A Fresh Start for DHCS, Stakeholders

“We have, over the last year really been paying attention to this,” Dodson said. “Within the department, about a year ago, we started dialogues in many different areas.”

The survey is the first step in gathering information from stakeholders about how to best use their input, how to make sure their voices are heard and understood, and that they’re heard by the people in a position to incorporate their feedback into DHCS programs.

“Part of the survey is to tease out that certain improvements are needed,” Dodson said. “We are doing that more and more, trying to increase transparency.”

Stakeholders have privately raised concern that the stakeholder engagement initiative might really be a way for the department to consolidate all of the advisory committees that meet with DHCS officials — a move they said that could actually reduce the amount of input DHCS receives.

That notion could not be farther from the truth, Dodson said. The only reason to spend so much time and energy on revamping the stakeholder process is to improve it for everyone, she said.

“We do have a number of stakeholder groups, we have been talking about making communication better with them over the last year or so,” she said. “We have done some things like the calendar on our website. We do want to see how can we get more feedback, how we can improve the groups. That’s part of the overall initiative that we’ve undertaken.”

DHCS staff members deal with stakeholders from several camps. According to Anthony Cava, an information officer at DHCS, there are more than 60 different stakeholder meetings, committees and workgroups held at regular times throughout the year.

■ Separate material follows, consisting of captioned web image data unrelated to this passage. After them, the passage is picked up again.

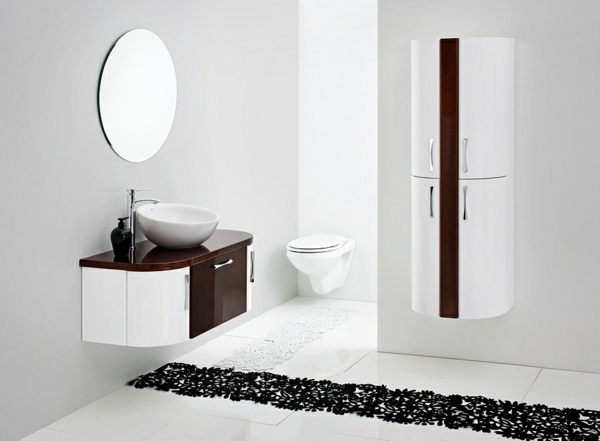 weißer Schrank Wand Spiegel Badezimmer  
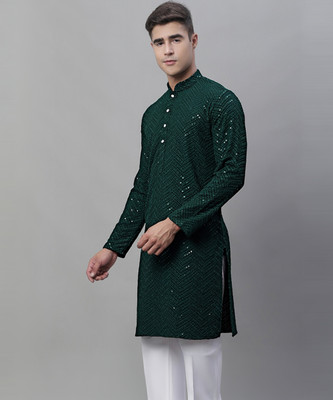 Jompers Men Embellished Straight Kurta(Dark Green)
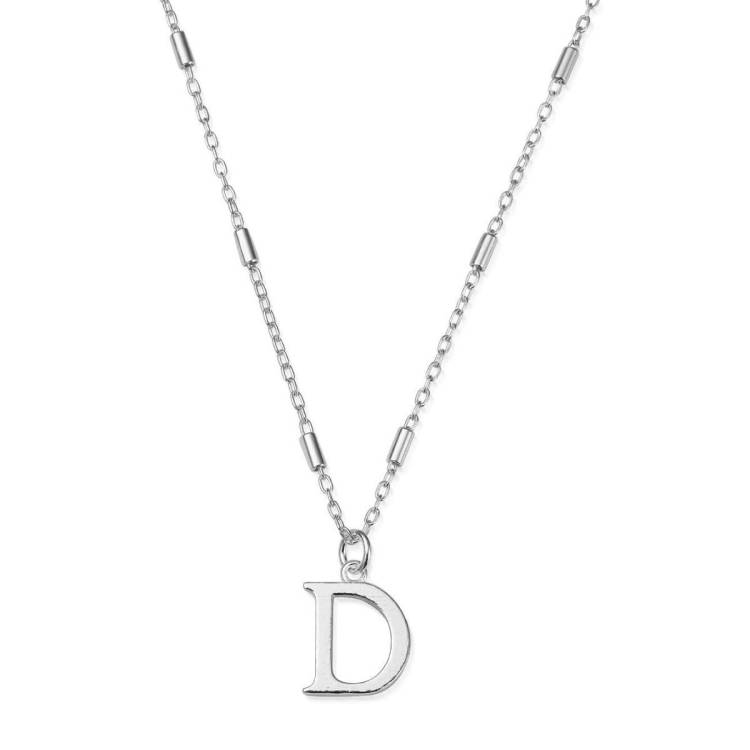 ChloBo Sterling Silver Initial Necklace D - Silver
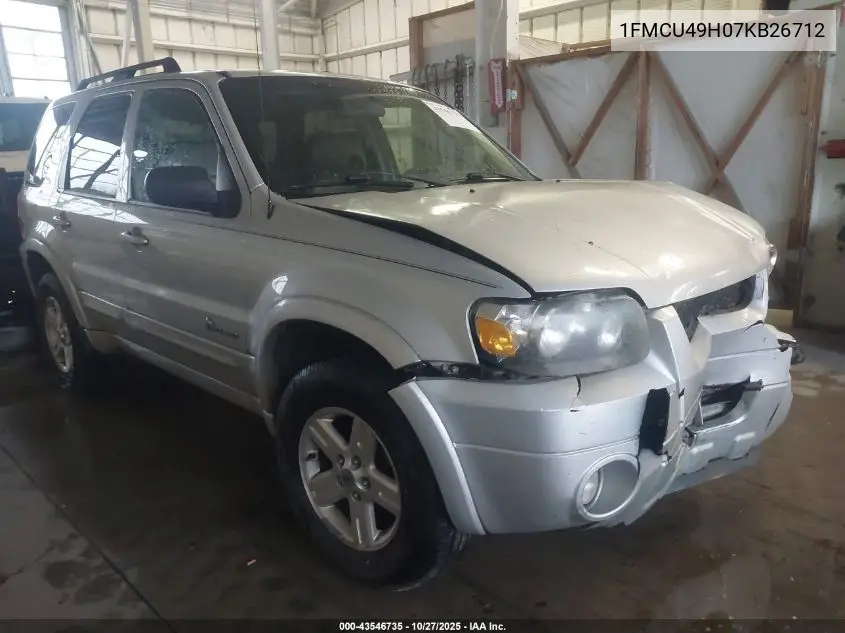 1FMCU49H07KB26712 2007 Ford Escape Hybrid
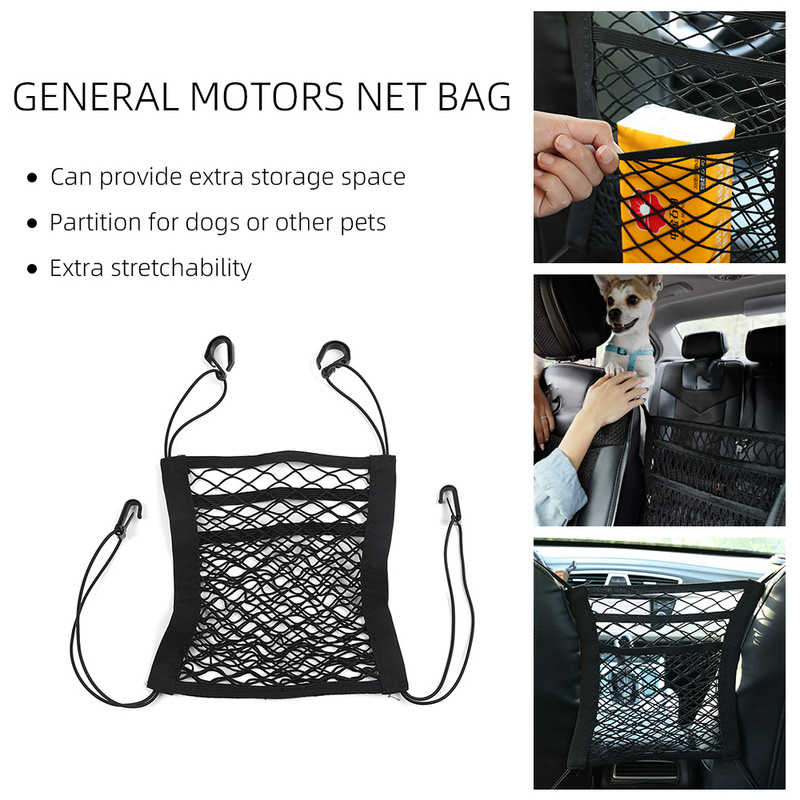 3-Layer Car Storage Net Bag Between Seats Car Divider Pet Barrier Stretchable Elastic Mesh Bag Organizer Auto Accessories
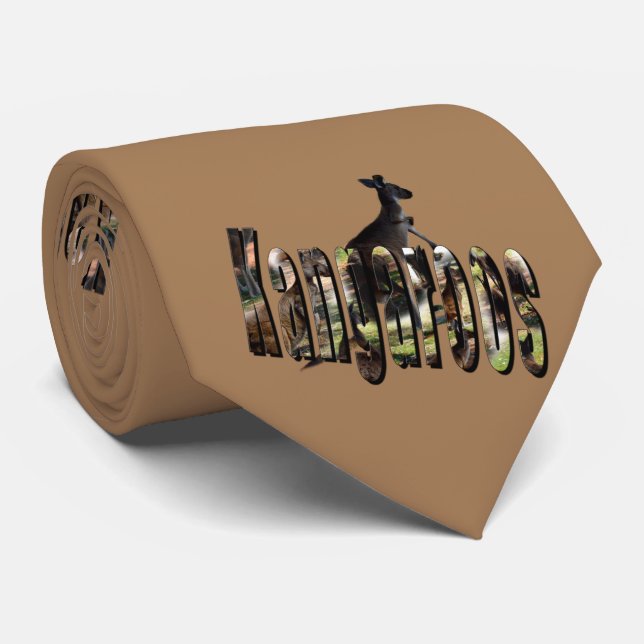 Kangaroo And Kangaroos Picture Logo, Neck Tie (Rolled)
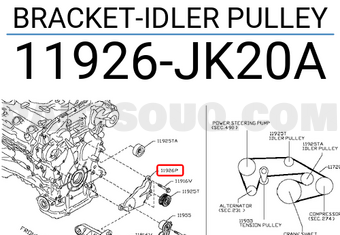 Nissan 11926JK20A BRACKET-IDLER PULLEY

That total includes “formal advisory groups such as the Stakeholder Advisory Committee, Medi-Cal Managed Care Advisory Group, Mental Health groups, Coordinated Care Initiative groups,” Cava said in an email. That number does not include a number of informal or ad hoc stakeholder meetings, he said.

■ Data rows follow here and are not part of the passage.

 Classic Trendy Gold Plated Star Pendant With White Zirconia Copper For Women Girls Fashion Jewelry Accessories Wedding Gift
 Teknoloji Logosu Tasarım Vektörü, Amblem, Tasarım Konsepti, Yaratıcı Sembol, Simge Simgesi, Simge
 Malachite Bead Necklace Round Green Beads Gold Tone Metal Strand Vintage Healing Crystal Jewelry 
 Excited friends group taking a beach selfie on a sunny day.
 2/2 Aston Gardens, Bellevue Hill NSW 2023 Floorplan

“There are pros and cons to having so many advisory groups,” Dodson said. “Sometimes we get feedback from stakeholders not to add a new group. We do think it’s possible that a separate group for this or that might be added into another group.”

That’s why the department is launching the initiative, Dodson said, to ask stakeholders what they think, to see what they think might work best.

“We want feedback on this, we don’t have presupposed outcomes,” Dodson said. “What’s an efficient use of stakeholder time? We want to really make a process that’s a good use of people’s time, where the input is getting incorporated or at least responded to.”

“We want that information to be absorbed, reviewed and considered,” she said. “Often it’s a feedback loop, an ongoing dialogue.”

Now that so many programs have been implemented, including the dramatic shift of about 70% of Medi-Cal beneficiaries into managed care plans, it’s a good time to take a step back and see how those implementations might be improved, Dodson said.

“We do hear what people are saying,” she said. “Part of it, too, is there is just so much going on in policy. We try to triage the things that are the most important the most pressing, the most impact on people.”

Department officials value the stakeholder community, she said, even if there have been times when time and resources have been too limited to pay close enough attention.  

“This has been a wonderful year of opportunity, but it’s very challenging,” Dodson said. “There is a tremendous amount of alignment between the department and stakeholders, and there can be more.”

“We don’t want to do it in a bubble,” Dodson said. “It doesn’t make sense to do it in a bubble. Again, we’re doing our best in a very challenging year. But it sounds like there is a need for more dialogue — to get things all out in the open. To think about what the solutions are, and get down to specifics. And that’s what we want to do.”